The Failure lifetrap feeds on itself in such a way that the entire arena of work becomes a disaster for you. Your expectation of failure becomes a self-fulfilling prophesy. Here are many of the ways you sabotage yourself and make sure that you remain a failure.



Failure Lifetraps

  1. You do not take the steps necessary to develop solid skills in your career (e.g. finish schooling, read latest developments, apprentice to an expert). You coast or try to fool people.
  2. You choose a career below your potential (e.g. you finished college and have excellent mathematical ability, but are currently driving a taxicab).
  3. You avoid taking the steps necessary to get promotions in your chosen career; your advancement has been unnecessarily halted (e.g., your fail to accept promotions or to ask for them; you do not promote yourself or make your abilities widely known to the people who count you stay in a safe, dead-end job).
  4. You do not want to tolerate working for other people, or working at entry-level jobs, so you end up on the periphery of your field, failing to work your way up the ladder. (Note the overlap with Entitlement and Subjugation.)
  5. You take jobs but repeatedly get fired because of lateness, procrastination, poor job performance, bad attitude, etc.
  6. You cannot commit to one career, so you float from job to job, never developing expertise in one area. You are a generalist in a job world that rewards specialists. You therefore never progress very far in any one career.
  7. You selected a career in which it is extraordinarily hard to succeed, and you do not know when to give up (e.g., acting, professional sports, music).
  8. You have been afraid to take initiative or make decisions independently at work, so you were never promoted to more responsible positions.
  9. You feel that you are basically stupid or untalented, and therefore feel fraudulent, even though objectively you have been quite successful.
  10. You minimize your abilities and accomplishments, and exaggerate your weaknesses and mistakes. You end up feeling like a failure, even though you have been as successful as your peers.
  11. You have chosen successful men/women as partners in relationships. You live vicariously through their success while not accomplishing much yourself.
  12. You try to compensate for your lack of achievement or work skills by focusing on other assets (e.g. your looks, charm, youthfulness, sacrificing for others). But underneath you still feel like a failure.


Many of these patterns boil down to the issue of Escape: you avoid taking the steps necessary to advance yourself. Through your avoidance, you constantly twist events to reinforce your view of yourself as stupid, untalented, and incompetent.

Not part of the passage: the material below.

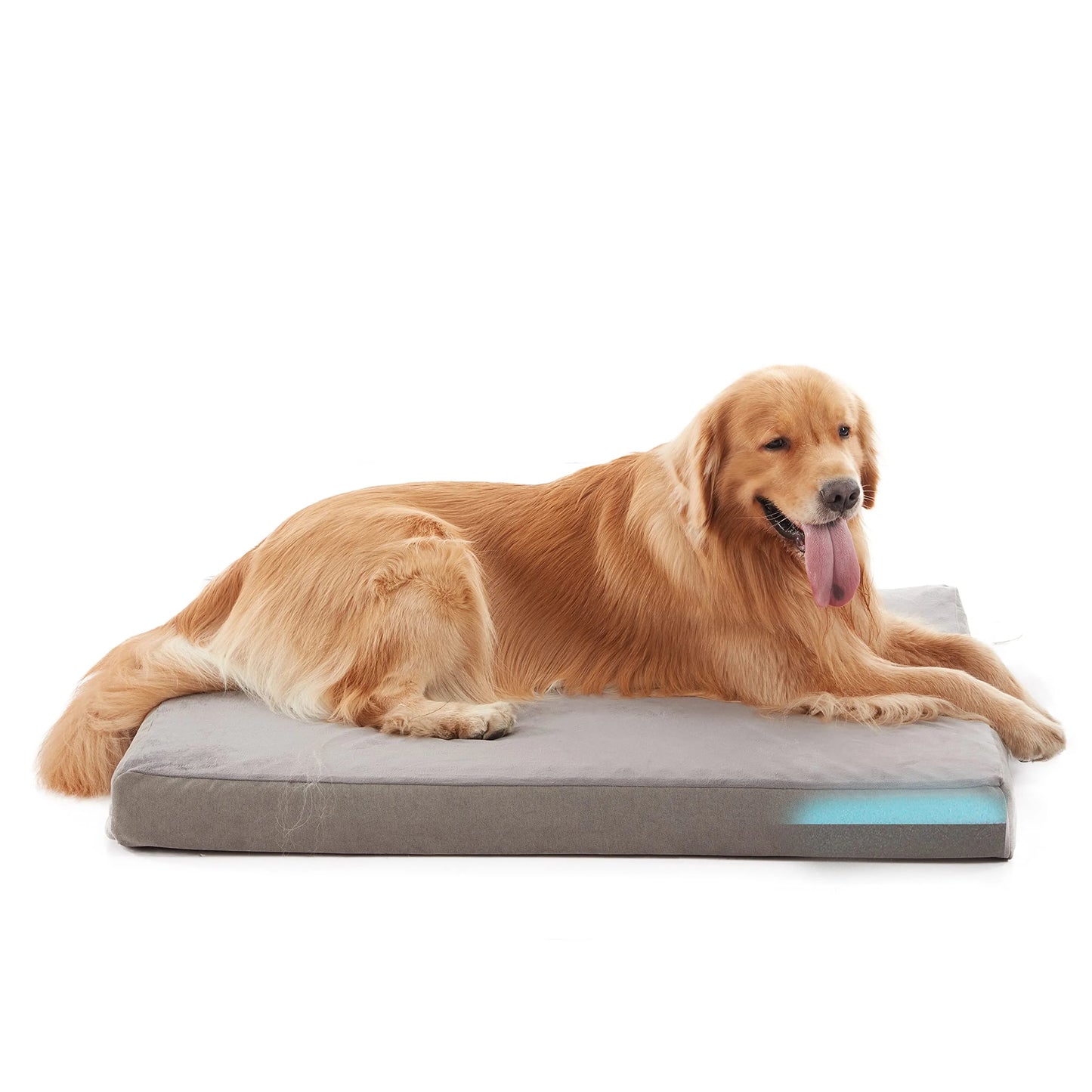 Orthopedic Dog Bed Waterproof Deluxe Plush Dog Beds with Removable Washable Cover Anti-Slip Bottom Pet Sleeping Mattress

Excelling in other roles is a way of compensating for the lifetrap. Men might excel in sports or seducing women; women might excel in their looks or ability to give to others. But, particularly for men, it is hard to develop an effective compensation. What does society value more in a man than achievement? A man who feels like a failure in his career is likely to feel like a failure as a person. Of course, this difference between men and women is changing as careers become more central to women’s lives.

You may be drawn to other roles or to partners who are successful to compensate for your feelings of failure. This is really another avoidance strategy on your part. It is another way for you to escape facing the challenges of achievement.

These compensations are fragile. They easily collapse, and yield to the feeling of failure. You need to deal with the issue of achievement more directly.

These are the steps to changing your lifetrap.



Changing your Failure Lifetrap


  1. Assess whether your feeling of failure is accurate or distorted.
  2. Get in touch with the child inside of you who felt, and still feels, like a failure.
  3. Help your inner child see that you were treated unfairly.
  4. Become aware of your talents, skills, abilities, and accomplishments in the area of achievement.

If you have, in fact, failed relative to your peers:

  1. Try to see the pattern in your failures.
  2. Once you see your pattern, make a plan to change it.
  3. Make a flashcard to overcome your blueprint for failure. Follow your plan, step-by-step.
  4. Involve your loved ones in the process.